Please copy only the material from the line that has "Gymax Office Chair" to the very last line, both ends included, exactly as written and without pictures.

▶ Extracted material:
# # # # # # #
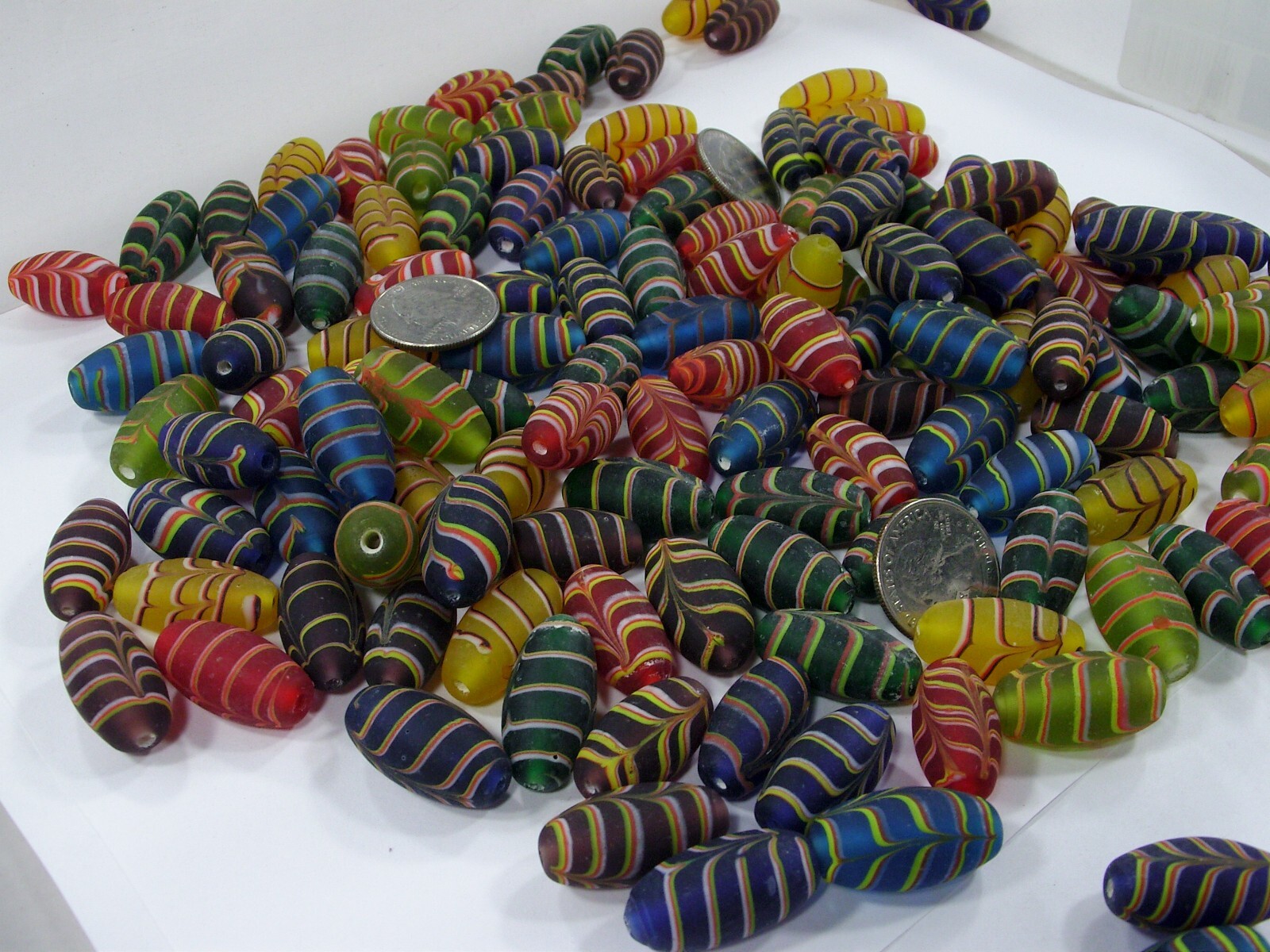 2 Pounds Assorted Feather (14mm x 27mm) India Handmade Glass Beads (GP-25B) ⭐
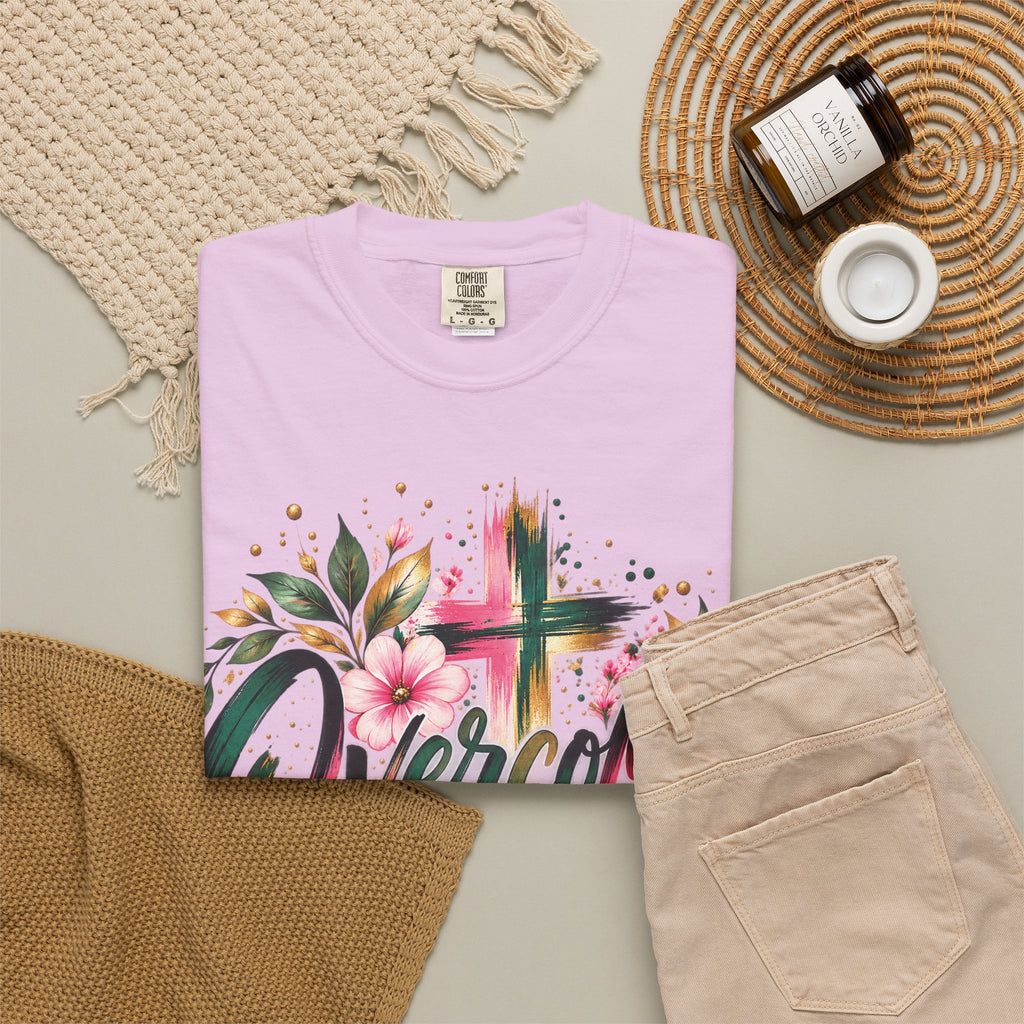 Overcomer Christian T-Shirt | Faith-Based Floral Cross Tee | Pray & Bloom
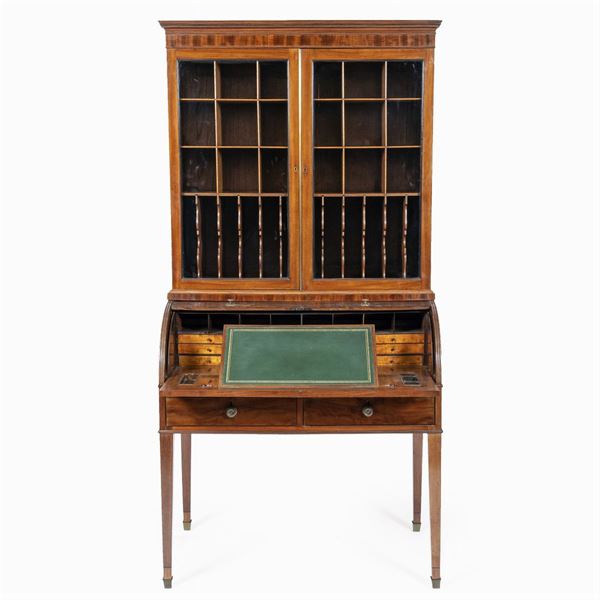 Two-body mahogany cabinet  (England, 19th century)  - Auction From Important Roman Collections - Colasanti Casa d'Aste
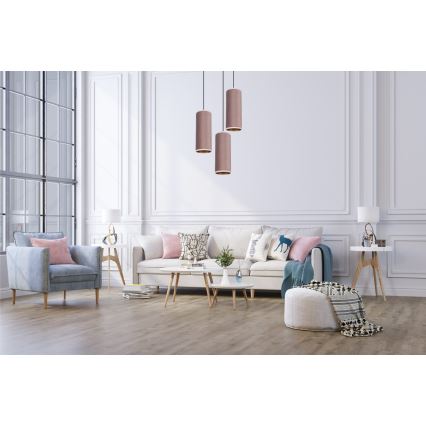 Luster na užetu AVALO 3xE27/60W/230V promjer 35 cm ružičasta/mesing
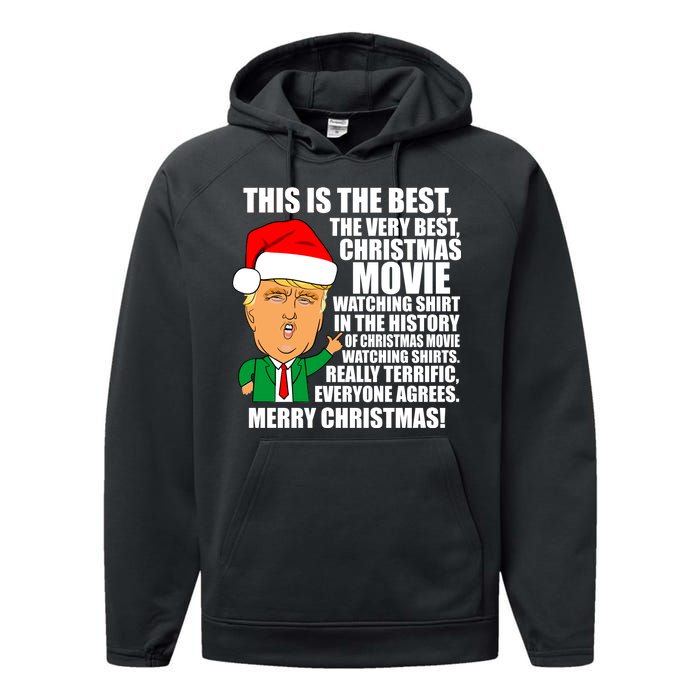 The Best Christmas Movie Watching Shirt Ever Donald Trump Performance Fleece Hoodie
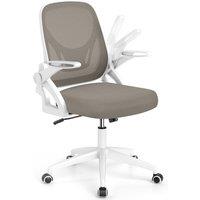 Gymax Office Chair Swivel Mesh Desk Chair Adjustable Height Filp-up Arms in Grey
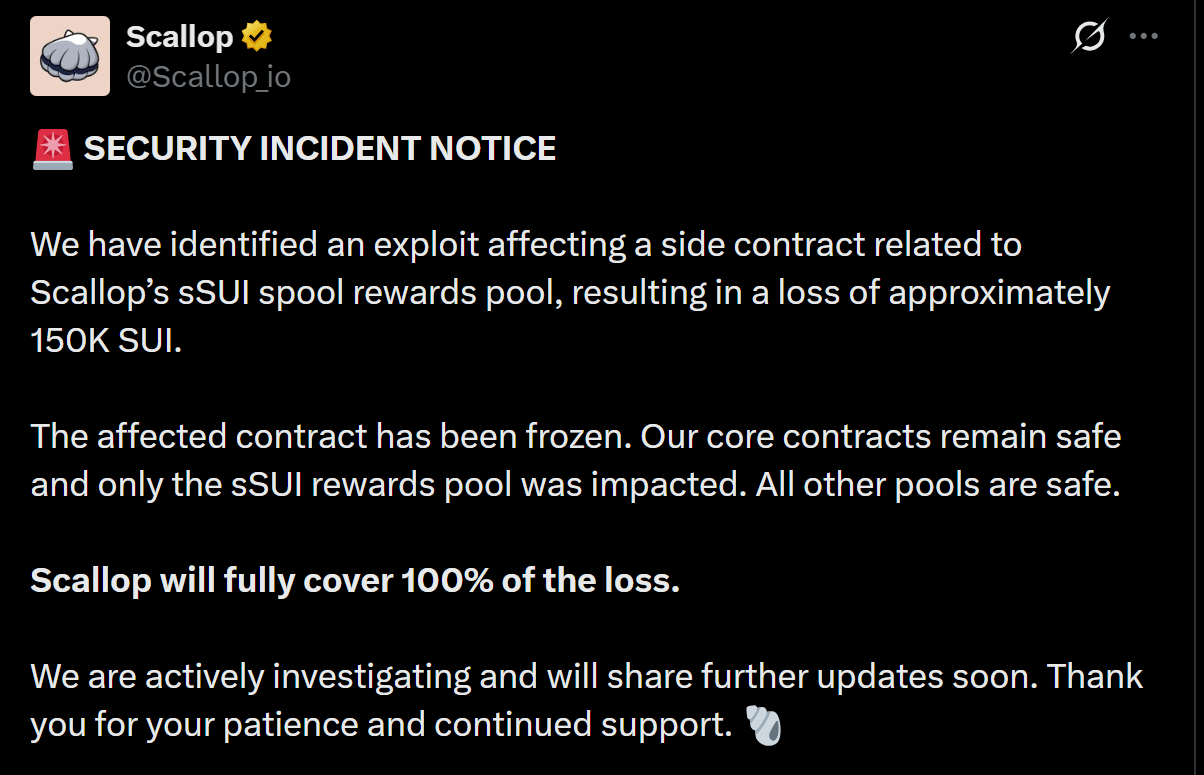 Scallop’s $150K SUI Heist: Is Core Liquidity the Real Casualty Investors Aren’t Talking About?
# # # # # # #
▶ Response area:
 Gymax Office Chair Swivel Mesh Desk Chair Adjustable Height Filp-up Arms in Grey
 Scallop’s $150K SUI Heist: Is Core Liquidity the Real Casualty Investors Aren’t Talking About?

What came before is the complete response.